If A Tree Falls In The Woods…
FAMILIES ARE AMAZING INSTITUTIONS. Some people can trace their “tree” back centuries into the shadowy mists of time while others seem to have popped up with the most recent rainfall. I think it all depends on how much research you want to do and how much fertilizer you are willing to spread.
Today’s world is one where our lives are very fluidic. People move from one place to another as easily as a mountain stream. Town to Town, City to City, Continent to Continent. Immigration and Emigration are words we hear every day.
I know several people who are living in other countries because of their careers. Their children are growing up feeling more Irish or British than American.
Family roots today are much shallower than they used to be. Whole populations are moved because of war or disasters natural or otherwise.
With people moving around the globe like quicksilver it is no surprise (at least to me) that those Genealogy websites are so popular. People are hungry to find answers to those two big questions: “Who am I?” and “Where did I come from?”
How far back one can trace their family roots depends a great deal on what part of the world your ancestors came from. If they lived in certain parts of Europe you are in luck. One of the legacies of the Roman Empire was a propensity to keep detailed records. That habit carried over into the Churches where records go back centuries. If your people came from other parts of Europe or Africa the results may become much more haphazard.
My mother’s side of the family came from Eastern Europe in an area ravaged by invading armies on a regular basis. The roots of my tree there go no deeper than my grandparents who emigrated to the U.S. in 1903.
My father’s family is just the opposite. I uncovered a genealogy showing detailed family connections going back to the 11th century. If you go back that far you will, undoubtedly, learn that not all of your ancestors were angels. I read that Great Grandpas 17 and 23 had been banished from France and Scotland respectively. My guess is that it probably had to do with either politics or the neighbor’s wife – or both. The family eventually washed ashore here in the 1840s and my Mom and Dad met at a dance in 1935.
This morning I learned that my tree may have sprouted a new twig.

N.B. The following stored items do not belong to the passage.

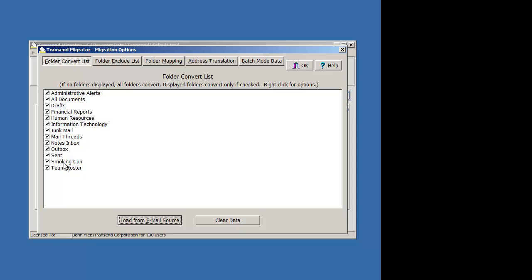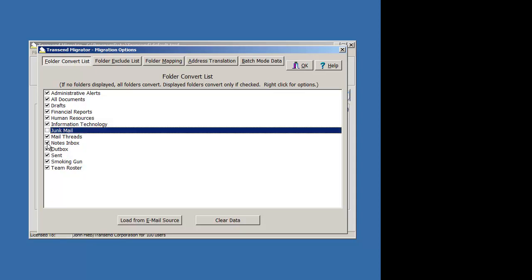If you don't want to migrate a certain folder, go ahead and just deselect it and it won't migrate.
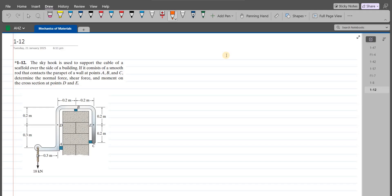Welcome back to the solutions manual. In this video, we will solve problem 1-12 from R.C. Hibbeler Mechanics of Materials, 8th edition.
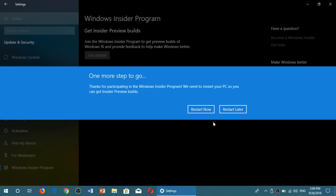And now one more step. Click the Restart button. Your PC will restart.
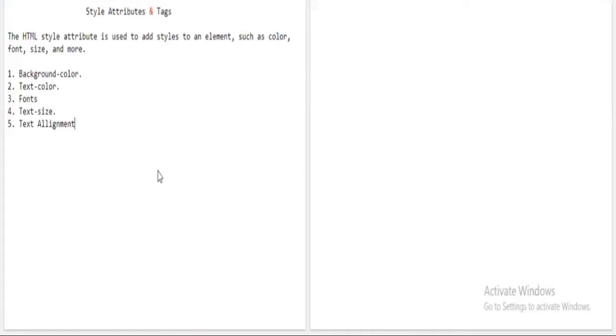Before we start, friends, I want you to note down the points written below. Please kindly pause the video and note down all the points.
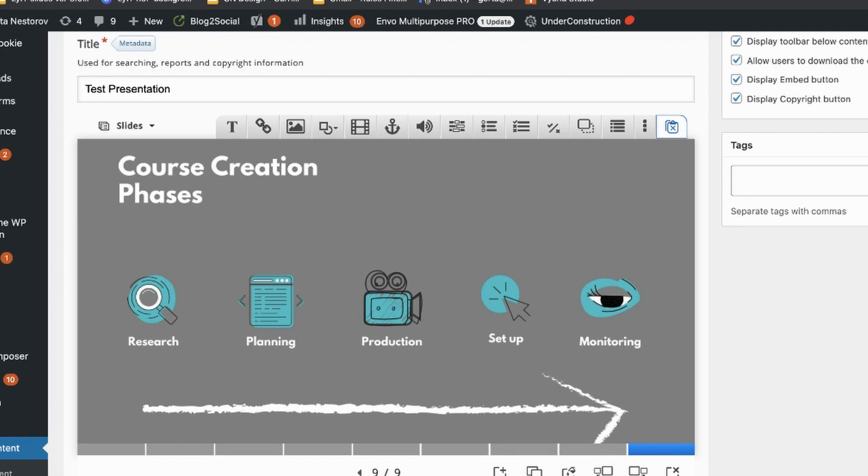So think whether your learners would benefit from some interactivity, some additional functionality that your Google Slides don't have. And I don't mean adding video or audio only. This can be easily created in Google Slides. Think about some additional other functionality that can be achieved only or perhaps more easily or more comfortably in H5P. So like built-in quiz or scenarios, some other functionality that Google Slides don't have.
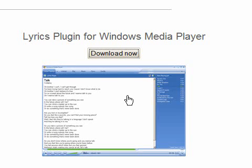This is a tutorial for a Windows Media Plugin called Lyrics Plugin, and what this does is automatically display lyrics to the songs that you're listening to in Windows Media Player.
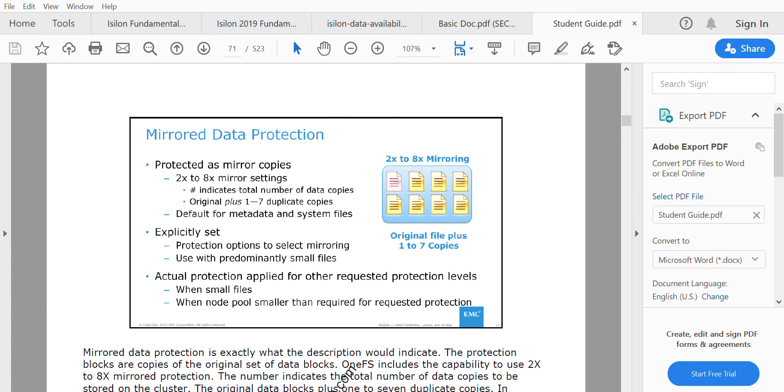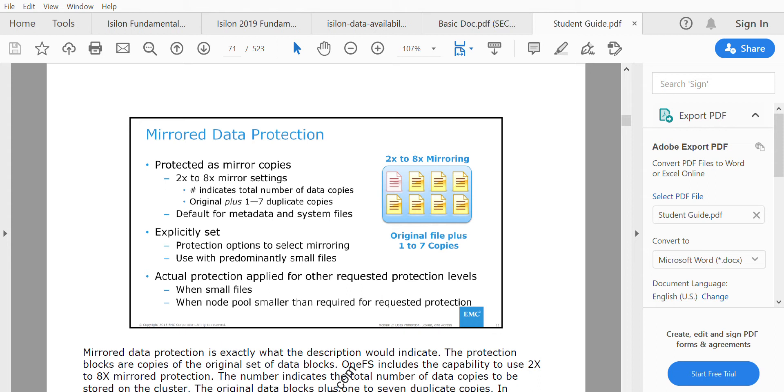Let's continue with data protection and talk about mirroring data protection. Mirroring has different types, from 2x to 8x mirroring. This means having duplicate copies of the original file, from one to seven additional copies. For 2x there are two copies; for 3x, three copies, up to eight copies.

I was slumped over in my chair at St. Arbucks sipping on my coffee when one of the Usual Suspects joined me with a request. He had been discussing some restoration on a building with one of the other Suspects and he had borrowed a photo of the work. He asked me to return it to the other fellow because he had to get to work at the Barnes & Noble bookstore.
As he told me about it all he mentioned a name, a relative of his, who had worked in the restored building. I told him that I had a Great Aunt with the same name. In a few more sentences we came to realize that my branch of the family and his branch with the same name lived in the same part of Western Pennsylvania.
We both paled at the thought that we might be related. We might very well be cousins, removed once too often. He left for work and I ordered a double espresso.
Families – go figure.
You know, I’ve met (by Social Media) a few people that by talking just a bit we’ve realized we are related, in one way or another. One in California; one in Seattle; a couple in the South. We, or at least I, haven’t delved in to the Ancestry thing yet to check it out. It’s interesting. Like you say, “Families – go figure.”